-- TRY IT --
Only one stretch of the records below is wanted: the lines from the one holding "Delux Celtic Love" through the one holding "Air Traffic Controller". Return it exactly, both ends included.

Stored dataset items:
=====
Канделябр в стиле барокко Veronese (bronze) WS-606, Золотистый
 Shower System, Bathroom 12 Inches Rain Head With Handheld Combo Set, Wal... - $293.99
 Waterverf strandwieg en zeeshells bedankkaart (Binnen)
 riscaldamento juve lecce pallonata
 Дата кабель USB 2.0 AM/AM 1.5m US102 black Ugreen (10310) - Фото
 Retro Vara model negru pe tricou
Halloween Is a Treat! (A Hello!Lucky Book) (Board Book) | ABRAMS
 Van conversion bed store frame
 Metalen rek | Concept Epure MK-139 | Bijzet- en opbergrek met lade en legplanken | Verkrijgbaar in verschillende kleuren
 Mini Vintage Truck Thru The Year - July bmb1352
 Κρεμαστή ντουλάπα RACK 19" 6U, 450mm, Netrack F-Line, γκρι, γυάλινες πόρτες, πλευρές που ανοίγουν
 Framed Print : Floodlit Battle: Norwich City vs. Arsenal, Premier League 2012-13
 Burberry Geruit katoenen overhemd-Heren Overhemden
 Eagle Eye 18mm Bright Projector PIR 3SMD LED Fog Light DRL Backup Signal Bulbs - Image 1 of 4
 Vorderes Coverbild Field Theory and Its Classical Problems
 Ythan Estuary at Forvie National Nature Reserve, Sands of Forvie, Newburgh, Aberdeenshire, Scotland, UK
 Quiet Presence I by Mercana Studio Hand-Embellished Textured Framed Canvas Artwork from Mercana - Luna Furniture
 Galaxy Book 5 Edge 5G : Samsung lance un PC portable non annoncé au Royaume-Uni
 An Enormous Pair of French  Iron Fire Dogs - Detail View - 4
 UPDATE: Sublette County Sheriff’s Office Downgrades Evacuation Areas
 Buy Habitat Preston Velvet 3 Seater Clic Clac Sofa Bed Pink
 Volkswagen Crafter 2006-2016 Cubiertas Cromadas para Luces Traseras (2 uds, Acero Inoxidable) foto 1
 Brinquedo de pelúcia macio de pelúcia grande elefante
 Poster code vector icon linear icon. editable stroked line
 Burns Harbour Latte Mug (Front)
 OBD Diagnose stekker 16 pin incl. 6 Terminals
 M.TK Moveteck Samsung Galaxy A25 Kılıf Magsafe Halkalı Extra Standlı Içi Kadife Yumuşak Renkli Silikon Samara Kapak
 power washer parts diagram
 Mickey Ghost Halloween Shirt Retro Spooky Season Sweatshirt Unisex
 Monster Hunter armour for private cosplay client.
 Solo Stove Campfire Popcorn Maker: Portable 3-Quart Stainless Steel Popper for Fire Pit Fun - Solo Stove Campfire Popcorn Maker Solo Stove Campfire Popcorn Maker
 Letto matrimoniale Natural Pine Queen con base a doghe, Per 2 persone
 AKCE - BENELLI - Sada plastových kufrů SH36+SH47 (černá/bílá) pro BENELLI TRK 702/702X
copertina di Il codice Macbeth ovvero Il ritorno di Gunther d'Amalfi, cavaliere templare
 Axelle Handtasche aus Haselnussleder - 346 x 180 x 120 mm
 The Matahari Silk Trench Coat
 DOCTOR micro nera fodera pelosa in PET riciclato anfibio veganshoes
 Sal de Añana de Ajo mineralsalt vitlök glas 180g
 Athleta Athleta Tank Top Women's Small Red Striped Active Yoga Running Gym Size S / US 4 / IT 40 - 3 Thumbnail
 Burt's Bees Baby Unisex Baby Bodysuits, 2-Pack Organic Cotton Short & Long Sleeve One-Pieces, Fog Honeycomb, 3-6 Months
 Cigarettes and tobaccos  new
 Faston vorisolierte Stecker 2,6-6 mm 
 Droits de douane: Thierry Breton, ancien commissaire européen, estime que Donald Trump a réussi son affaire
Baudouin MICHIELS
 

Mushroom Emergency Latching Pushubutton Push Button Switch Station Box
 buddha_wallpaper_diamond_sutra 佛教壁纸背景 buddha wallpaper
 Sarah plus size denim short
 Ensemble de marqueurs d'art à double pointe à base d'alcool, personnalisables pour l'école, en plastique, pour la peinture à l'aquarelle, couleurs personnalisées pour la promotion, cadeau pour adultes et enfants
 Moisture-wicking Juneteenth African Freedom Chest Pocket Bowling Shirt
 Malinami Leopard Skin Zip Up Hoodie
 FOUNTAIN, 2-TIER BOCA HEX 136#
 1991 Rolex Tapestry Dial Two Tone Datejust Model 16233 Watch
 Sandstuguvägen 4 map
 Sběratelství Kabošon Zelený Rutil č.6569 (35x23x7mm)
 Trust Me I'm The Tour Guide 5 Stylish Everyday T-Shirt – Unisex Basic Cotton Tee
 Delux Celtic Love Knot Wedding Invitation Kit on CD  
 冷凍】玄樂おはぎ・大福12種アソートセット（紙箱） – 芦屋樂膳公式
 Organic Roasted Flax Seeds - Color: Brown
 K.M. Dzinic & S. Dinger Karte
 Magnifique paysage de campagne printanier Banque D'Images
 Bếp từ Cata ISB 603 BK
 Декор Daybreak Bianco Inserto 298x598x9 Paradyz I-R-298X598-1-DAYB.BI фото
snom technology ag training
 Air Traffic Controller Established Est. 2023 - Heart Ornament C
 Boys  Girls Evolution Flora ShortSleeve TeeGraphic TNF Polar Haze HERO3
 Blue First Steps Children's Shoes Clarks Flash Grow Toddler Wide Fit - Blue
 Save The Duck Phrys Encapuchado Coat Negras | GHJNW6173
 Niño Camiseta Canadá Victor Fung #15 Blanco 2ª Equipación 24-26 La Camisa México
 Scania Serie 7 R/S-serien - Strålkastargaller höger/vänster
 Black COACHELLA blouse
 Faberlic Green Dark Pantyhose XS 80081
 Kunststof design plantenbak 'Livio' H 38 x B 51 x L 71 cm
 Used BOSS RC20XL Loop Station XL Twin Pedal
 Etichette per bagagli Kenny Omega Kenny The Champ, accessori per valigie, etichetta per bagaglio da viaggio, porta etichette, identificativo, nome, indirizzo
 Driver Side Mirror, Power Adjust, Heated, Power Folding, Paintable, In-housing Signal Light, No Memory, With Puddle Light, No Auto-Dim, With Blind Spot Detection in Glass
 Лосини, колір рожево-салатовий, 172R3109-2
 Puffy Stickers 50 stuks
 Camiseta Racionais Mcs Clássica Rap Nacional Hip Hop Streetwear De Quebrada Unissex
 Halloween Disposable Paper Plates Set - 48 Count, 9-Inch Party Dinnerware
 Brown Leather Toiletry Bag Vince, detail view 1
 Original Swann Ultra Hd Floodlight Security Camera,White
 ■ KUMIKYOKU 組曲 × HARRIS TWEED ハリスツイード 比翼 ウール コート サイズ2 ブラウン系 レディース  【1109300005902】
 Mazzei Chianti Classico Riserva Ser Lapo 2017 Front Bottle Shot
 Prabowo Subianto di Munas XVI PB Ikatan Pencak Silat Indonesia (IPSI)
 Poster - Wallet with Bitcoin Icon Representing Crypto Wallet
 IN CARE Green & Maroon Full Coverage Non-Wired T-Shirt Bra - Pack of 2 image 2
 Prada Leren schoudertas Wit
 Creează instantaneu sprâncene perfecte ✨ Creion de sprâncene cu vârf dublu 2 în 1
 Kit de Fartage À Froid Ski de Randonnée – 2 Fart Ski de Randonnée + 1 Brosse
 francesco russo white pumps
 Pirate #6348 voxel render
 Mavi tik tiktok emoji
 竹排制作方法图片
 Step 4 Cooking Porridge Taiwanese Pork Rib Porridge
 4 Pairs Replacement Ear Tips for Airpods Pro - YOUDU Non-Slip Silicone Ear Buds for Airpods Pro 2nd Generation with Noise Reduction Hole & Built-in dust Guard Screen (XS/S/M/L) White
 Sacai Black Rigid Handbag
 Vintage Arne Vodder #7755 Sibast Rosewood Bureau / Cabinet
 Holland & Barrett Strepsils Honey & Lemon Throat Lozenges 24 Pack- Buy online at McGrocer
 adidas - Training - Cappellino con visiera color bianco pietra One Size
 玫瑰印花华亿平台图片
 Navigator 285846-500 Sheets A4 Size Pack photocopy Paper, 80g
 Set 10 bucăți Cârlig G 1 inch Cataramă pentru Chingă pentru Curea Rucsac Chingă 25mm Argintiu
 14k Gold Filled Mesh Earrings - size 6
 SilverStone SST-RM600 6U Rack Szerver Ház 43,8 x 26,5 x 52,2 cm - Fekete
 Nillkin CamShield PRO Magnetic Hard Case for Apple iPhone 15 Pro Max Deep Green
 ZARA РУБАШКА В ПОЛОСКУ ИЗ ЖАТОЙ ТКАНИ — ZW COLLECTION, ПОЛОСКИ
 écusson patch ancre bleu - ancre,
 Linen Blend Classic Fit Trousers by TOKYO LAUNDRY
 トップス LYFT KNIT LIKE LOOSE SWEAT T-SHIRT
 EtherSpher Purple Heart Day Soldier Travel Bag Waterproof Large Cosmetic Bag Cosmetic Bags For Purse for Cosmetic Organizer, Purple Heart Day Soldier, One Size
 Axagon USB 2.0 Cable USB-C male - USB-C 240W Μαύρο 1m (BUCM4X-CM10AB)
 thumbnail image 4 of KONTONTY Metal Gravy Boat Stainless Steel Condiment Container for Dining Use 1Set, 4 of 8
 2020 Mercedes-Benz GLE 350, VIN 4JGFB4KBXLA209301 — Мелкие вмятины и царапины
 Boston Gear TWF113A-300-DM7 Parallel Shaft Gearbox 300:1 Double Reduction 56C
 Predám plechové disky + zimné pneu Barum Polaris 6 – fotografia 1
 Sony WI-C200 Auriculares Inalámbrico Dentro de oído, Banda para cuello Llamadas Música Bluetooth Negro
=====
-- RESULT FOR THIS TASK --
 Delux Celtic Love Knot Wedding Invitation Kit on CD  
 冷凍】玄樂おはぎ・大福12種アソートセット（紙箱） – 芦屋樂膳公式
 Organic Roasted Flax Seeds - Color: Brown
 K.M. Dzinic & S. Dinger Karte
 Magnifique paysage de campagne printanier Banque D'Images
 Bếp từ Cata ISB 603 BK
 Декор Daybreak Bianco Inserto 298x598x9 Paradyz I-R-298X598-1-DAYB.BI фото
snom technology ag training
 Air Traffic Controller Established Est. 2023 - Heart Ornament C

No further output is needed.